Dan Cohen

Archive for the ‘Web Services’ Category

Project Bamboo Launches

Monday, March 24th, 2008

Project Bamboo LogoIf you’re interested in the present and future of the digital humanities, you’ll be hearing a lot about Project Bamboo over the next two years, including in this space. I was lucky enough to read and comment upon the Bamboo proposal a few months ago and was excited by its promise to begin to understand how technology—especially technology connected by web services—might be able to transform scholarship and academia. Bamboo is somewhat (and intentionally) amorphous right now—this doesn’t do it justice, but you can think of its initial phase as a listening tour—but I expect big things from the project in the not-so-distant future. From the brief description on the project website:

Bamboo is a multi-institutional, interdisciplinary, and inter-organizational effort that brings together researchers in arts and humanities, computer scientists, information scientists, librarians, and campus information technologists to tackle the question:

How can we advance arts and humanities research through the development of shared technology services?
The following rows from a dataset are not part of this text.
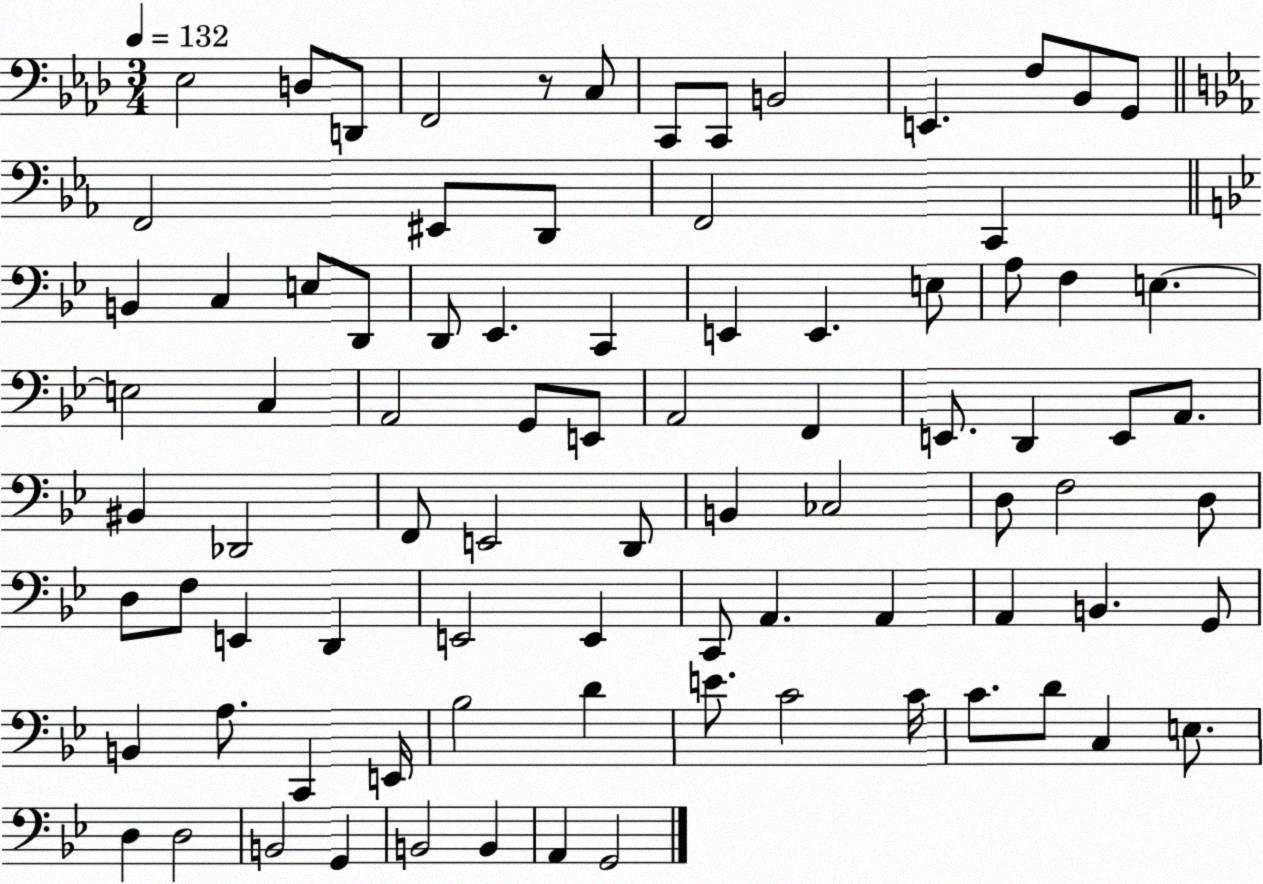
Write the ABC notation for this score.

X:1
T:Untitled
M:3/4
L:1/4
K:Ab
_E,2 D,/2 D,,/2 F,,2 z/2 C,/2 C,,/2 C,,/2 B,,2 E,, F,/2 _B,,/2 G,,/2 F,,2 ^E,,/2 D,,/2 F,,2 C,, B,, C, E,/2 D,,/2 D,,/2 _E,, C,, E,, E,, E,/2 A,/2 F, E, E,2 C, A,,2 G,,/2 E,,/2 A,,2 F,, E,,/2 D,, E,,/2 A,,/2 ^B,, _D,,2 F,,/2 E,,2 D,,/2 B,, _C,2 D,/2 F,2 D,/2 D,/2 F,/2 E,, D,, E,,2 E,, C,,/2 A,, A,, A,, B,, G,,/2 B,, A,/2 C,, E,,/4 _B,2 D E/2 C2 C/4 C/2 D/2 C, E,/2 D, D,2 B,,2 G,, B,,2 B,, A,, G,,2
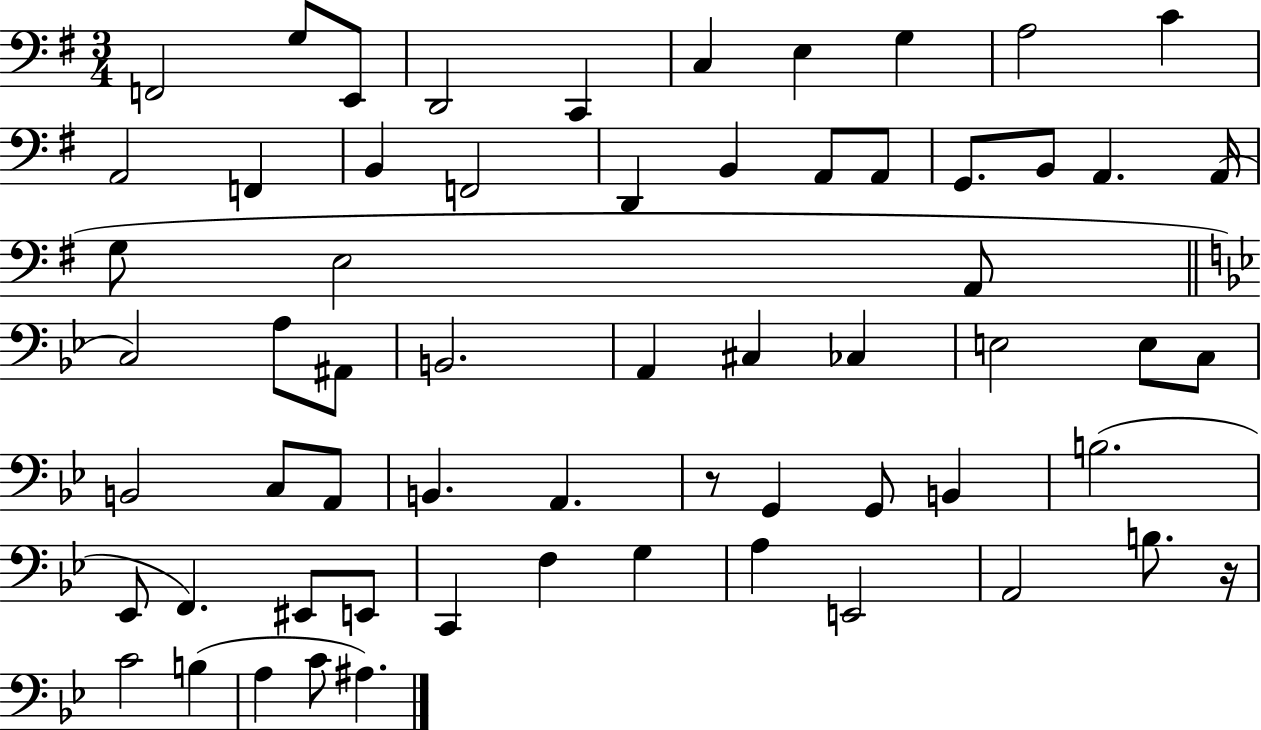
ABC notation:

X:1
T:Untitled
M:3/4
L:1/4
K:G
F,,2 G,/2 E,,/2 D,,2 C,, C, E, G, A,2 C A,,2 F,, B,, F,,2 D,, B,, A,,/2 A,,/2 G,,/2 B,,/2 A,, A,,/4 G,/2 E,2 A,,/2 C,2 A,/2 ^A,,/2 B,,2 A,, ^C, _C, E,2 E,/2 C,/2 B,,2 C,/2 A,,/2 B,, A,, z/2 G,, G,,/2 B,, B,2 _E,,/2 F,, ^E,,/2 E,,/2 C,, F, G, A, E,,2 A,,2 B,/2 z/4 C2 B, A, C/2 ^A,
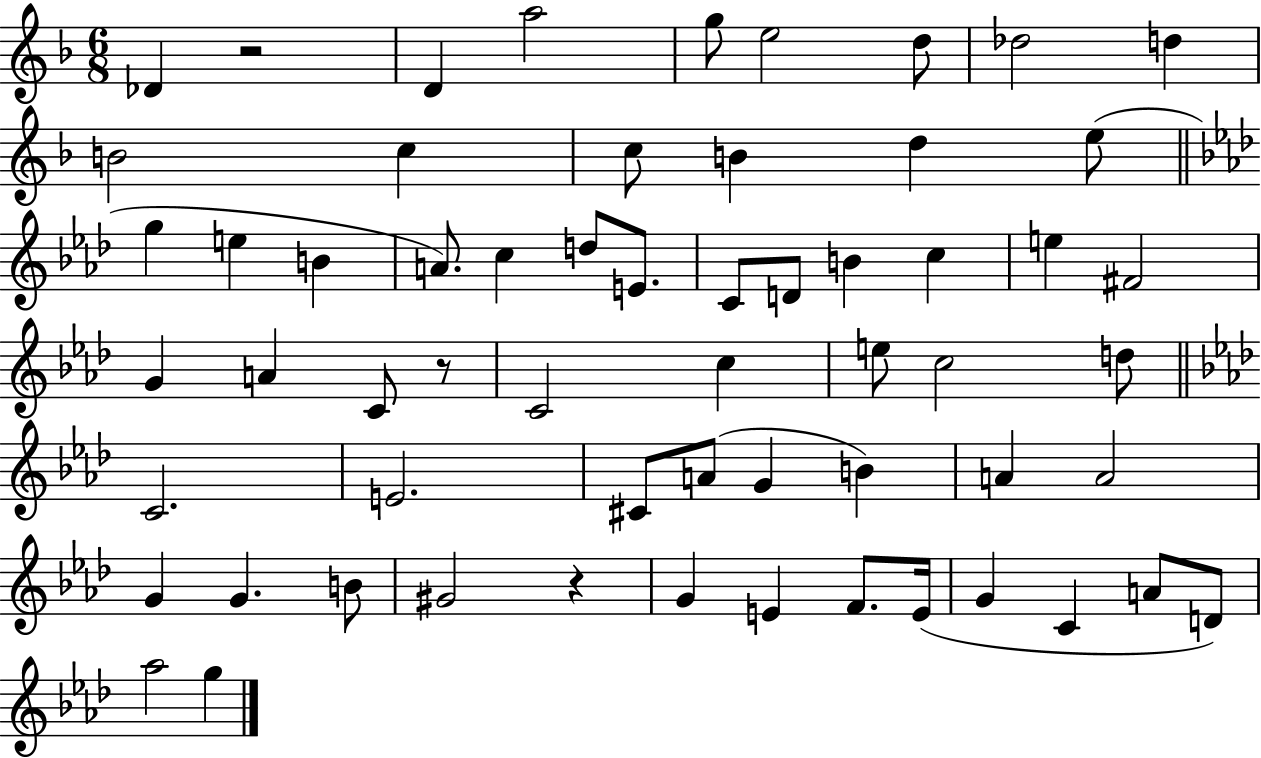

A good question, and the right time to ask it. And the overall goal?

If we move toward a shared services model, any faculty member, scholar, or researcher can use and reuse content, resources, and applications no matter where they reside, what their particular field of interest is, or what support may be available to them. Our goal is to better enable and foster academic innovation through sharing and collaboration.

Project Bamboo was funded by the Andrew W. Mellon Foundation.

Zotero News, Big and Small

Tuesday, September 19th, 2006

So much for a modest, stealthy launch of Zotero. I promised a couple of weeks ago that I would return to my blog soon with a few updates about user feedback, some hints about new features, and perhaps some additional news items. With a modest private beta test and a few pages explaining the software on our new site, I assumed that Zotero would quietly and slowly enter into public consciousness. Little did I know that within two weeks I would get over 400 emails asking to join the beta test, help develop and extend Zotero, make it work better with resources on the web, and evangelize it on campuses and in offices around the globe. (Sorry to those I haven’t responded to yet; I’m still working on my email backlog.) Better yet, we received some fantastic news about support for the project, which is where I’ll begin this update.

The big news is that the Center for History and New Media has received an incredibly generous grant from the Andrew W. Mellon Foundation to help build major new features into the 2.0 release of Zotero (coming in 2007). Included in this substantial upgrade are great capabilities that beta testers are already clamoring for (as I’ll describe below). I’m deeply appreciative to the Mellon Foundation and especially Ira Fuchs and Chris Mackie for their support of the project, and we’re delighted to join the stable of other Mellon-funded, open-source projects that are trying to revolutionize higher education and the scholarly enterprise through the use of innovative information technology. We have a very ambitious set of goals we would like to accomplish in the next two years under Mellon funding, and we’re really excited to get started and push these advances out to an eager audience.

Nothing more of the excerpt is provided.